Au départ pourtant, elle s’était orientée vers la communication rédactionnelle, mais aussi les langues et civilisations orientales. Une envie là aussi née dans l’enfance, des voyages de son père en Asie et des récits que lui contait sa mère le soir. « C’est une artiste et une grande lectrice. Les histoires qu’elle me racontait, le ton qu’elle employait ont entraîné mon imaginaire à voyager », confie-t-elle. Née à Paris – « par accident » ajoute-t-elle aussitôt – mais profondément attachée à sa Bretagne familiale, Tiphaine Piriou ressent aussi l’appel du large partagé par tant d’habitant∙es du littoral.
« Le Finistère, explique-t-elle, signifie le bout du monde car d’un côté il y a la terre, de l’autre la mer. J’ai toujours été attirée par l’autre côté, par le voyage, qu’il soit physique ou littéraire ».

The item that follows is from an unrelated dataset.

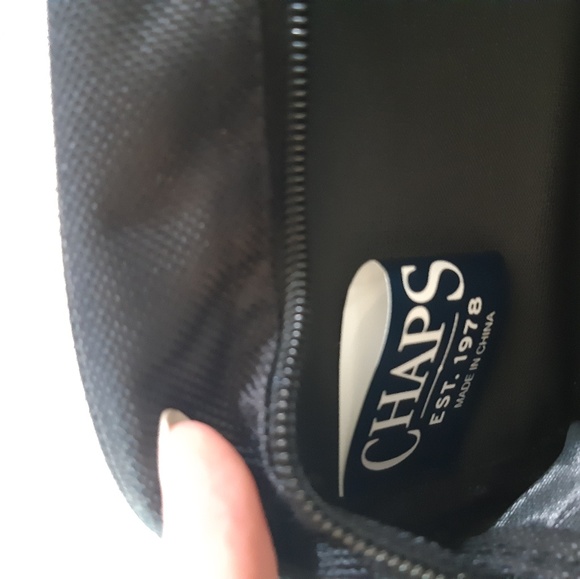 Chaps dopp toiletry bag - Picture 3 of 3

Elle choisira d’abord le Japon « pour son côté insulaire » et pour cette sorte « d’harmonie » que l’on y trouve. Elle y passera trois ans, au début de sa carrière, pour promouvoir la collection d’une galerie d’art spécialisé dans l’art océanien. Elle travaillera ensuite dans l’industrie, avant que la cuisine et la gastronomie ne la rattrapent et qu’elle rejoigne la route tracée par son père.
L’art de recevoir
Depuis, Tiphaine Piriou n’a jamais quitté ce domaine, allant jusqu’à créer, en 2018, TIPI & Co, une agence événementielle spécialisée dans l’alimentation et l’agriculture. Et en l’écoutant, on mesure toute la dimension affective et intime de son rapport à la nourriture et à son métier.
Manger n’est pour elle pas juste se nourrir et satisfaire les besoins de son corps. Cela n’est pas non plus seulement le plaisir si singulier et satisfaisant que l’on éprouve en cuisinant, regardant, sentant ou savourant un plat. « La cuisine, c’est bien plus que cela, insiste-t-elle. La cuisine, c’est raconter et partager une histoire unique. C’est l’acte de se relier, de se rassembler, de se resolidariser. »
« Savoir recevoir, précise-t-elle, a été le ferment de ma famille et de mon éducation. Or, recevoir, c’est partager et échanger autour d’une table. Quelles que soient nos opinions, nos contradictions, la nourriture nous rassemble et nous amène à faire un pas dans la compréhension de l’autre. C’est quasiment un acte politique. »
Avec TIPI & Co, elle ne cesse ainsi de vouloir tisser des ponts et des passerelles. Elle imagine des rendez-vous tels que la Fête du Sarrazin en Bretagne, donne naissance à des collaborations entre associations de solidarité et organisation de concours culinaire, favorise des rencontres entre chef∙fes et soignant∙es durant l’épidémie de Covid, accompagne des entreprises dans l’adoption de démarches durables.
Et pour la biennale Multitude, elle entend cette fois-ci ouvrir « ce coffre-fort que sont les frigos de Seine-Saint-Denis » pour, de nouveau, « faire des ponts entre générations et entre cultures ». En effet, elle co-organisera à partir de fin avril, l’organisation du concours de cuisine C’est meilleur chez ma mère.